Saturday, September 4, 2010

Idioms - Using Colorful Language

Pie in the sky. In a New York minute. On the other hand. Costs an arm and a leg. In the black. Mad skills. All Greek to you? To a non-native English speaker, common idioms like these are often challenging, since their meaning is only loosely tied to the words that are used. In the same way, most programming languages have idioms that can look confusing to someone first learning the language, but which are used to perform common tasks.
Perl has many idioms. Here is a common one for "slurping" a file, or reading the entire file into a single variable (rather than the default of reading one line per "readline" call)

{ local $/; $contents = <$filehandle> }

This code introduces a new scope block with curly braces, and declares the Input Record Separator, $/, local to that block, which makes its value undef instead of a newline. Then the <> operator is used to read a "line" of text from the filehandle, which turns out to be the entire contents of the file (from the current position in the file, of course.) The diamond operator itself is rather like an idiom, being a slightly magical way of saying readline $filehandle. The closing curly brace ends the scope block and returns $/ to its previous value.
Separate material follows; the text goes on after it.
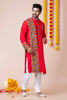 Red Rayon Kurta with Multicolor Mirror Embroidery for Navratri Festival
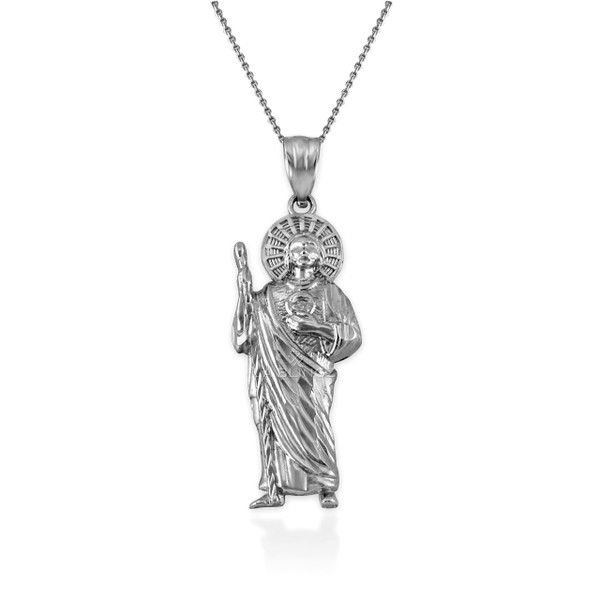 Silver St. Jude Holding Sacred Heart of Jesus Necklace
Here's an idiom from Python that is often used in modules:

if __name__ == "__main__":
    main()

The idea here is to define a special behavior for when the module is used as a script, rather than being imported. When the file is imported, __name__ will be set to the name of the module, and this block will not run. When the file is used like python filename.py, however, the condition will be true, and the main function will be called. This is a convenient way to make a dual-purpose program that can be included as a module or run on its own. It could also be used as a place to put module tests.

C has lots of idioms to choose from, but here's the most recent one I came across:

struct myStruct {
    int num;
    char array[1];
};

struct myStruct *item;
size_t length = 10;
item = (struct myStruct *)
    malloc( sizeof(struct myStruct) + sizeof(int) * (length - 1) );
item->num = 3;
for (i=0; i < length; ++i) {
    item->array[i] = item->num + i;
}

This code isn't portable due to compiler differences, but it definitely works with Microsoft Visual Studio 2005. Essentially, declaring a struct with a one-element array at the end lets you allocate a struct with a variable-length array element. The trick is to never declare an instance of the struct, but instead use pointers and allocate dynamic memory. Since this idiom is fairly common, the C99 standard defined a way to declare flexible array members by leaving out the array length, like so:
struct c99struct {
    int num;
    char array[];
};
This form is guaranteed to work in C99-compliant compilers (a set that does not include Visual Studio 2005).

Just a few idioms to get you started. I find the best way of learning new idioms in a programming language is reading other people's code and looking for parts I don't understand.